TASK OBJECTIVE
Copy every line from the records below that carries the word "Jersey".

EXTRACTED ENTRIES
■ ■ ■ ■ ■ ■ ■
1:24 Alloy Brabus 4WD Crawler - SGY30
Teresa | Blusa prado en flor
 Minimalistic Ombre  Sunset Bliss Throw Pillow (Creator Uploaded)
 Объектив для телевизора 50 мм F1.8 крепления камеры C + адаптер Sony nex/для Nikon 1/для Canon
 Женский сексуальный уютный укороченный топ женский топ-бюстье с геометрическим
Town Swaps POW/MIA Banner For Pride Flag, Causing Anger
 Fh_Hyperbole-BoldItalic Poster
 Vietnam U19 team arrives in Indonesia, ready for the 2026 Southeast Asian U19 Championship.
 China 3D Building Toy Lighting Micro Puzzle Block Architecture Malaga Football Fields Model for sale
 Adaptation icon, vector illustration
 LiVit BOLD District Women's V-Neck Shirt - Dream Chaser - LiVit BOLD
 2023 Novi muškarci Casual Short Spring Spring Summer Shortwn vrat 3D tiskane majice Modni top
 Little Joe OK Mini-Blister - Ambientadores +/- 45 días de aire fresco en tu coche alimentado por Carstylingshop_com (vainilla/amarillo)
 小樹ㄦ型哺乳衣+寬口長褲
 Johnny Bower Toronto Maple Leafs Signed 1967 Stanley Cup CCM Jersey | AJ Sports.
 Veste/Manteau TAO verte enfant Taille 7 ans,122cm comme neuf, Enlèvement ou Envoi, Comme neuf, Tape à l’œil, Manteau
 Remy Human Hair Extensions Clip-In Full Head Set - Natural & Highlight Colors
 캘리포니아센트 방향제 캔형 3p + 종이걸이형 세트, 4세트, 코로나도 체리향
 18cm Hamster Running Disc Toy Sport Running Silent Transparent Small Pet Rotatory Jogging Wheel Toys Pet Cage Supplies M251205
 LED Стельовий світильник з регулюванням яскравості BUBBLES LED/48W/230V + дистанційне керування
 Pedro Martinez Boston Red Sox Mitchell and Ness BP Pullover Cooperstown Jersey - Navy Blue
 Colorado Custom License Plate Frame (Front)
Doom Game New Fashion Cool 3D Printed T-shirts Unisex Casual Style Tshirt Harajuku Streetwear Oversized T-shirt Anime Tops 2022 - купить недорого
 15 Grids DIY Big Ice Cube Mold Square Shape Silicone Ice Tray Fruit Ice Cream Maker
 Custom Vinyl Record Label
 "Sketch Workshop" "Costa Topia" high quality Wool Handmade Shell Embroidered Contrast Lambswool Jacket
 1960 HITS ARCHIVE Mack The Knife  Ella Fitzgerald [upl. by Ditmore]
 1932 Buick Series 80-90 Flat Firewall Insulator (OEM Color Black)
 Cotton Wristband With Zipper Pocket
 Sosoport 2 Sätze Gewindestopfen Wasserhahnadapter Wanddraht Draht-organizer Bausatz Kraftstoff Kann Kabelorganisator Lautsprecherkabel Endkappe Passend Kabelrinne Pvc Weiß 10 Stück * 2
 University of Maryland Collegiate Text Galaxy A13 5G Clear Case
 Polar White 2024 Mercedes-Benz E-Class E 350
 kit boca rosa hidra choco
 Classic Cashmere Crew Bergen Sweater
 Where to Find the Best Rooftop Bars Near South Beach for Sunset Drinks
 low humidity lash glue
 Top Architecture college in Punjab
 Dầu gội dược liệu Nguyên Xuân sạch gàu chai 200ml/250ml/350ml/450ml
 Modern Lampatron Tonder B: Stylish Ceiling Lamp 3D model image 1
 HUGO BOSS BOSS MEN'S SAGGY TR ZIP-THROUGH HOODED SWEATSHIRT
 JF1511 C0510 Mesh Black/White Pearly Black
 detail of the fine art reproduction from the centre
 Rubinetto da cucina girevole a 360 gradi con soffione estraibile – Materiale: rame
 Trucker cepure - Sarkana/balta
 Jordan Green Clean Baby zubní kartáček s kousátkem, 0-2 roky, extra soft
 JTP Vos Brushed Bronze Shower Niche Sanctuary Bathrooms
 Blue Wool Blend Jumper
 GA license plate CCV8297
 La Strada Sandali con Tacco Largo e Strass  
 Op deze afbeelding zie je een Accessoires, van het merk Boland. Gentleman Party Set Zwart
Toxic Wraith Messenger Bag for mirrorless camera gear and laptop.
■ ■ ■ ■ ■ ■ ■
THE COMPLETED TASK
 Johnny Bower Toronto Maple Leafs Signed 1967 Stanley Cup CCM Jersey | AJ Sports.
 Pedro Martinez Boston Red Sox Mitchell and Ness BP Pullover Cooperstown Jersey - Navy Blue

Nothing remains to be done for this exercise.